In Adelaide, succeeding the great Dr Schomburgk as curator, he did much to make the Botanic Gardens an attractive place for the general public to visit, a novel policy at the time. He established lakes populated with water-lilies and lotuses, which became famous.

He retired in 1917 and died in 1923 at American River on Kangaroo Island in South Australia at the home of his daughter. He is buried in the Penneshaw Cemetery on Kangaroo Island along with his wife, Evlampia (née Mizinzoff), who died 5 July 1937. A son, Alexis Leopold Holtze (1883 – 26 November 1938), was horticultural correspondent for the Mount Barker based The Courier, and editor of Garden and Field, later manager of radio station 5AD. He was killed in a single-vehicle car crash.
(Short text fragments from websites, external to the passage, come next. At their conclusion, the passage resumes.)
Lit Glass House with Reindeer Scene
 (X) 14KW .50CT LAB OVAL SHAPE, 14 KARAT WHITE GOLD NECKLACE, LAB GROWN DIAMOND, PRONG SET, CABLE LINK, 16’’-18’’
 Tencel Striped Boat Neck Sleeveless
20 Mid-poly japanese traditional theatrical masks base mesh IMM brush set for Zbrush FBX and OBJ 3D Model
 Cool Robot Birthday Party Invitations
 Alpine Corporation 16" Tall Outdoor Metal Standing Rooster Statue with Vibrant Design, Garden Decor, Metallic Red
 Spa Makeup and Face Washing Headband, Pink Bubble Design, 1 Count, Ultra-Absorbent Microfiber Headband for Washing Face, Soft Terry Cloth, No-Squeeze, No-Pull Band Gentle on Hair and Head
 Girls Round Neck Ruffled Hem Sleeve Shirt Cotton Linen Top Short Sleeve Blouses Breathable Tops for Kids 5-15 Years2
Another son, Vladimir or Wladimir "Wallaby" Holtze (c. 1869 – c. 1963), was a linesman with the Overland Telegraph Department (later Postmaster-General's Department) from 1881, and stationed at Powell Creek, Daly Waters and for a time as postmaster at Tennant Creek. He died in Darwin.

==Recognition==
- Clerodendron holtzei (now Clerodendrum holtzei), Sida holtzei, Habenaria holtzei and Polyalthia holtzeana were named for him.
- Probably also Northern Territory natives Uvaria holtzei, Aristolochia holtzei, Polycarpaea holtzei (incorrectly Polycarpaea holtzii), Trichosanthes holtzei, Goodenia holtzeana, Utricularia holtzei, Calochilus holtzei, Habenaria holtzei (since renamed Habenaria rumphii), Sterculia holtzei, Eulophia holtzei, Piper holtzei, Hibbertia holtzei and Calogyne holtzeana, of which all but two were described by Ferdinand von Mueller.
- He was awarded the Imperial Service Order in 1913.
- The outer Darwin locality, Holtze, was named for him.